Re: [VuFind-Tech] File Not Indexed by Aperture in Website Indexing

SourceForge Headquarters 225 Broadway Suite 1600 San Diego, CA 92101 +1 (858) 454-5900

I tried manually running Aperture on the problem PDF.  I just switched to the "bin" subdirectory of my Aperture installation and typed:

./webcrawler.sh -x -v -o tmp.xml -depth 0 http://americanjewisharchives.org/journal/PDF/2009_61_01_00_Kalman.pdf

This creates a "tmp.xml" file containing details about the PDF; this is what the indexer uses to load full text.  The "-depth 0" tells it to only index the requested file, not to crawl deeper into its links.

Sometimes running a manual crawl like this will help identify a problem... though in this particular case, Aperture seemed to succeed for me.  This means indicates one of two possible problems:

1.)    Intermittent network issues on your end that are causing links to occasionally fail.

2.)    A strange character in the full text that is preventing VuFind from parsing the XML from Aperture during indexing.

If you have access to your web logs, you might want to check for errors that might be related to #1.  Or you might want to use some kind of external tool to poll your web server periodically and see if it occasionally fails to serve certain content.  Unfortunately, it appears that Aperture isn't too particular about server errors - for example, if I give it an invalid URL that returns a 404 error, it just treats that as an empty page but otherwise reports success (even if I enable the "--validate" parameter).  Perhaps we can address this particular problem by switching to Tika or a different tool (see http://vufind.org/jira/browse/VUFIND-600), but for now, the burden is on your server to perform correctly.

If the problem is #2, you might learn more about the issue by using the "--test-only" parameter of the XSL importer.  Go to the import directory of your VuFind directory and run:

php import-xsl.php --test-only sitemap.xml sitemap.properties | more

(where sitemap.xml is a file containing the URL(s) you wish to test).

This will output the Solr document generated by the import procedure.  You can see whether or not the proper full text has been inserted.

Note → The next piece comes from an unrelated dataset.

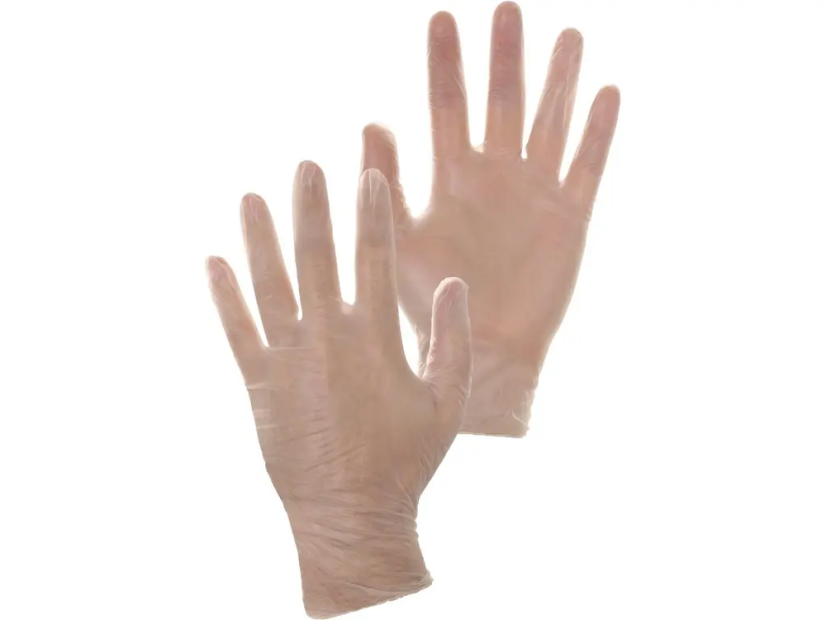 CXS rukavice MOSE, jednorázové, vinyl, transparentní, lehce pudřené/100 ks vel. L (9)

When I tried this with the problem PDF, it appears that the full text is being truncated.  This seems to be caused by a NULL byte in the Aperture output.  As a workaround, I tried changing the line that reads in the file in import/xsl/VuFindSitemap.php to this:

        // Extract and decode the full text from the XML:
        $xml = preg_replace('/[\\x0000]/', '', file_get_contents($xmlFile));

That seemed to help...

- Demian

From: Nathan Tallman [mailto:nta...@gm...]
Sent: Monday, July 02, 2012 5:00 PM
To: Demian Katz
Cc: vufind-tech
Subject: Re: [VuFind-Tech] File Not Indexed by Aperture in Website Indexing

I created a test sitemap with three URLs: two problem HTML pages and one problem PDF. The two HTML files were picked up fine, but the PDF still wasn't indexed.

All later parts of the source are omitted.